===== Provided records =====

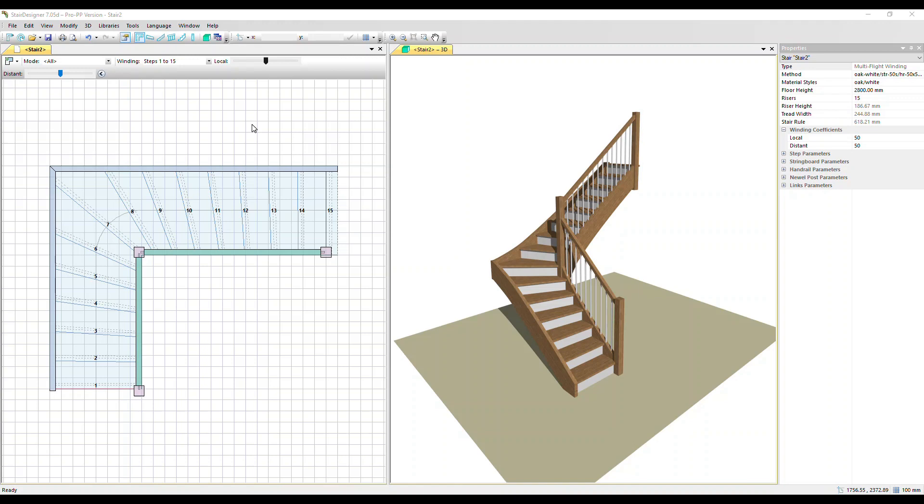In most European countries these winders are tapered gradually into and out of the turn. It makes for a safer stair but it takes more time to build. But in the UK for example, using winders just around the turn is an acceptable way to build stairs. It makes the staircase easier and faster to build.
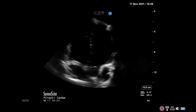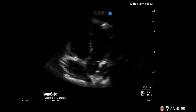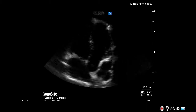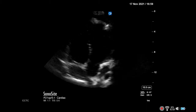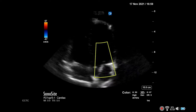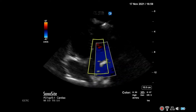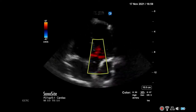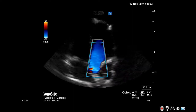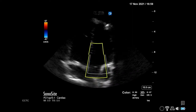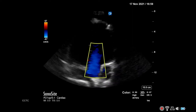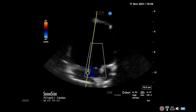Begin in the apical 5-chamber view. Enable color Doppler and place the box over the LVOT, covering the aortic valve. This will allow you to understand the direction of flow.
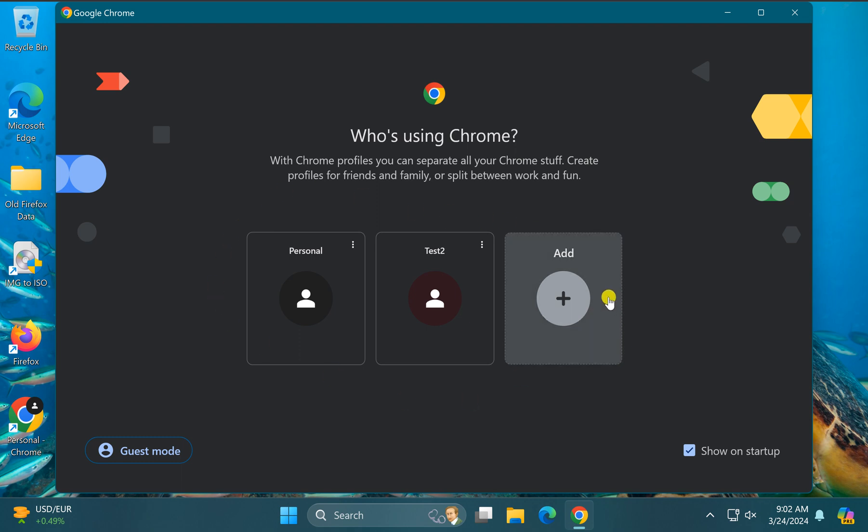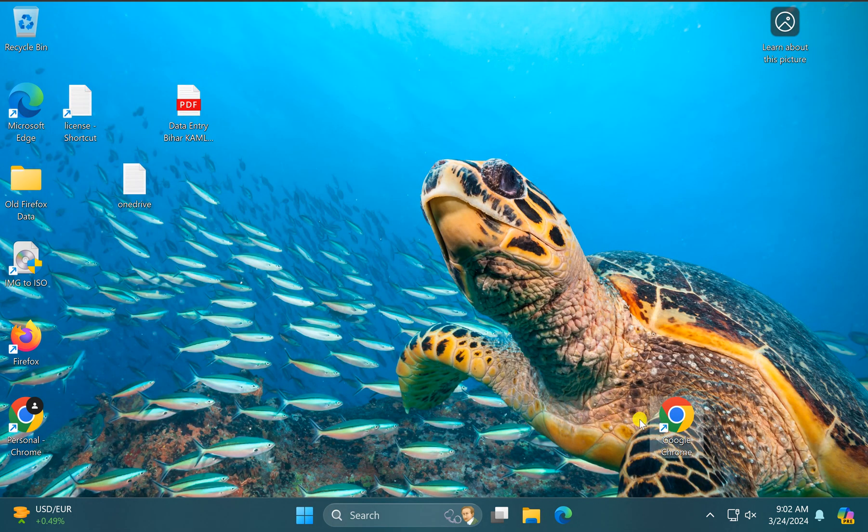And in case you want to disable the profile selector, uncheck this option show on startup. Close the Chrome browser and reopen it. It will not show the profile selector.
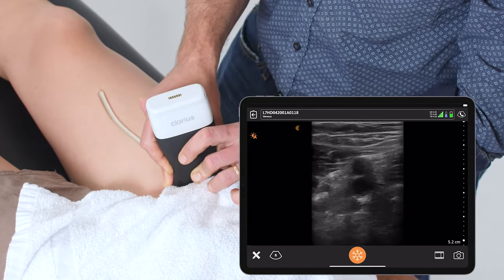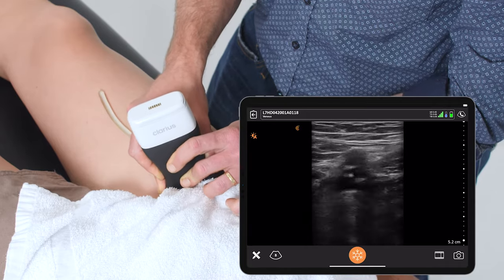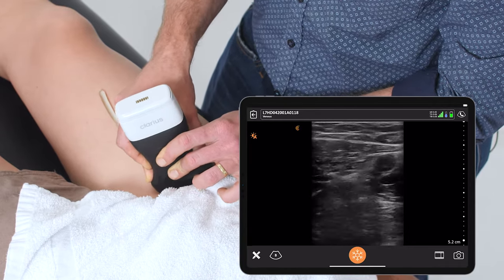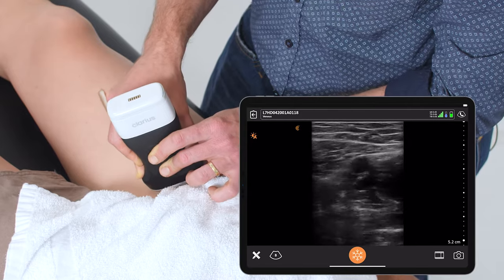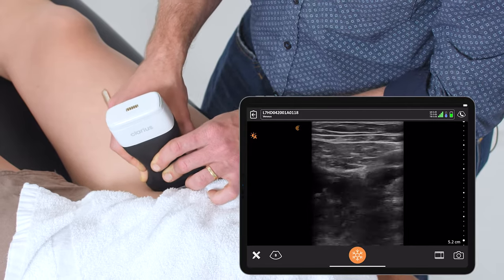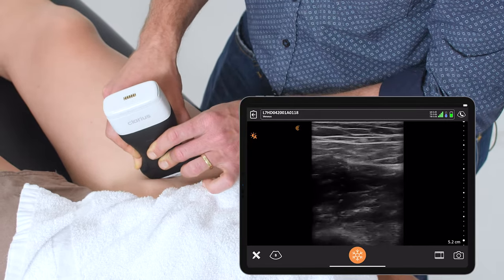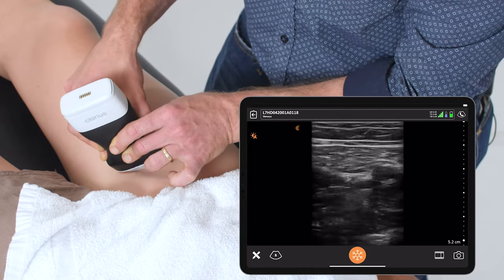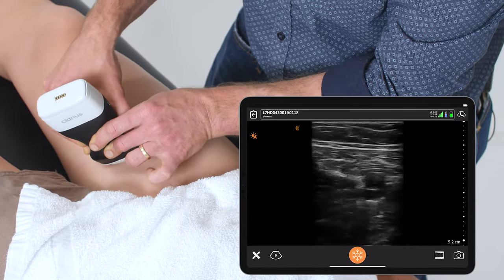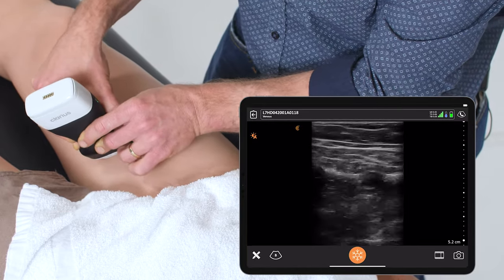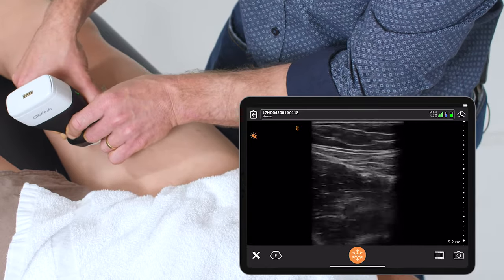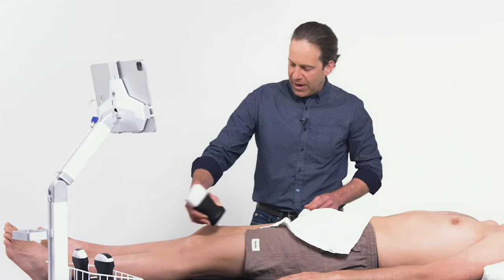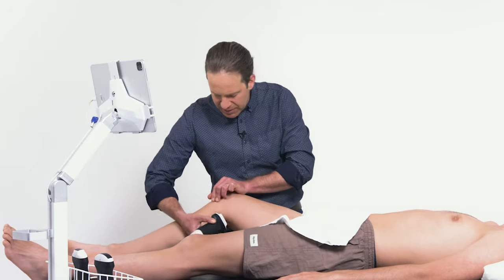I'm repeating this as I go down the adductor canal, every few centimeters compressing, until I lose sight of the vein, and then I'll move into the popliteal fossa.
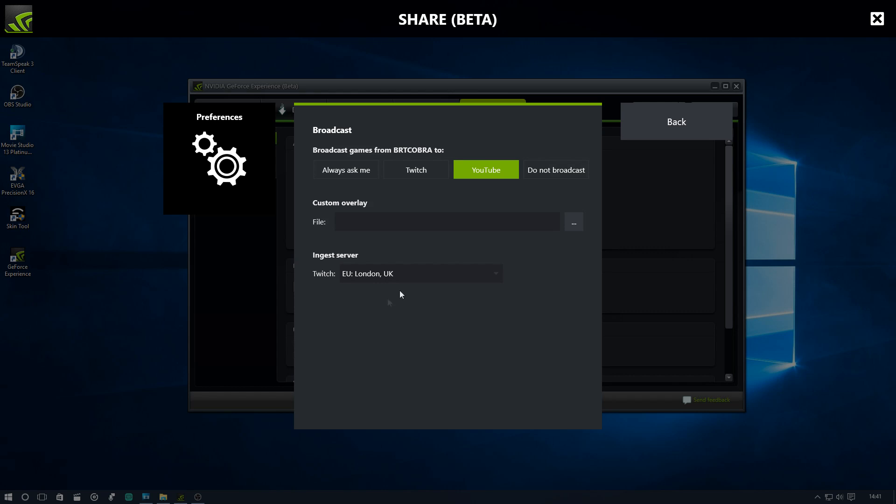We must click this and we must select the service we want to broadcast to, in this case is YouTube. I select your service for Twitch there, but we're not using that because it is for YouTube. You can also add a custom overlay. Not something that I do or use, but you should check that out.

=====

### Exercise aim
Without the pictures, print the whole listing exactly as given.

### Answer section
In most European countries these winders are tapered gradually into and out of the turn. It makes for a safer stair but it takes more time to build. But in the UK for example, using winders just around the turn is an acceptable way to build stairs. It makes the staircase easier and faster to build.
Begin in the apical 5-chamber view. Enable color Doppler and place the box over the LVOT, covering the aortic valve. This will allow you to understand the direction of flow.
And in case you want to disable the profile selector, uncheck this option show on startup. Close the Chrome browser and reopen it. It will not show the profile selector.
I'm repeating this as I go down the adductor canal, every few centimeters compressing, until I lose sight of the vein, and then I'll move into the popliteal fossa.
We must click this and we must select the service we want to broadcast to, in this case is YouTube. I select your service for Twitch there, but we're not using that because it is for YouTube. You can also add a custom overlay. Not something that I do or use, but you should check that out.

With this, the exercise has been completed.